Let $k$ be a real number. Define on the set of reals the operation $x*y$= $\frac{xy}{x+y+k}$ whenever $x+y$ does not equal $-k$. Let $x_1<x_2<x_3<x_4$ be the roots of $t^4=27(t^2+t+1)$.suppose that $[(x_1*x_2)*x_3]*x_4=1$. Find all possible values of $k$

Let $D$ be a point in the interior of $ABC$. Let $BD$ and $AC$ intersect at $E$ while $CD$ and $AB$ intersect at $F$. Let $EF$ intersect $BC$ at $G$. Let $H$ be an arbitrary point on $AD$. Let $HF$ and $BD$ intersect at $I$. Let $HE$ and $CD$ intersect at $J$ . prove that $G$,$I$ and $J$ are collinear

$N$ straight lines are drawn on a plane.
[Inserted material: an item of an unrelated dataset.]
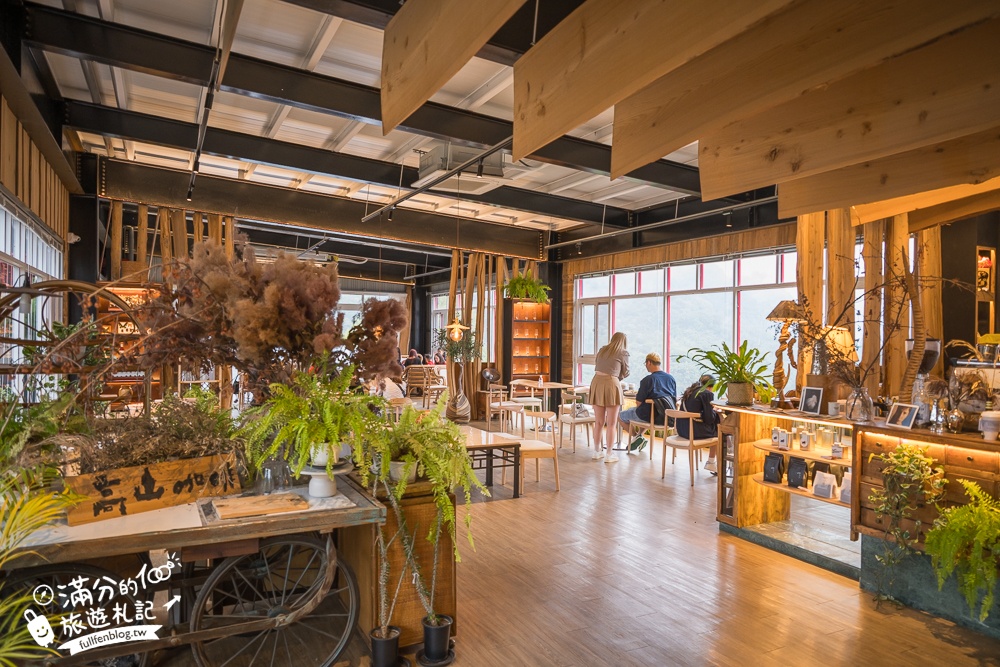 南投【Mountain Bica Cafe】清境彼卡山景觀咖啡,好停車空間大,下午茶望山嵐超放鬆!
The $N$ lines can be partitioned into set of lines such that if a line $l$ belongs to a partition set then all lines parallel to $l$ make up the rest of that set. For each $n>=1$,let $a_n$ denote the number of partition sets of size $n$. Now that $N$ lines intersect at certain points on the plane. For each $n>=2$ let $b_n$ denote the number of points that are intersection of exactly $n$ lines. Show that $\sum_{n>= 2}(a_n+b_n)$$\binom{n}{2}$ $=$ $\binom{N}{2}$

Let $N>= 2$ be an integer. Show that $4n(N-n)+1$ is never a perfect square for each natural number $n$ less than $N$ if and only if $N^2+1$ is prime.

Given that $f(x)=(3+2x)^3(4-x)^4$ on the interval $\frac{-3}{2}<x<4$. Find the a. Maximum value of $f(x)$ b. The value of $x$ that gives the maximum in (a).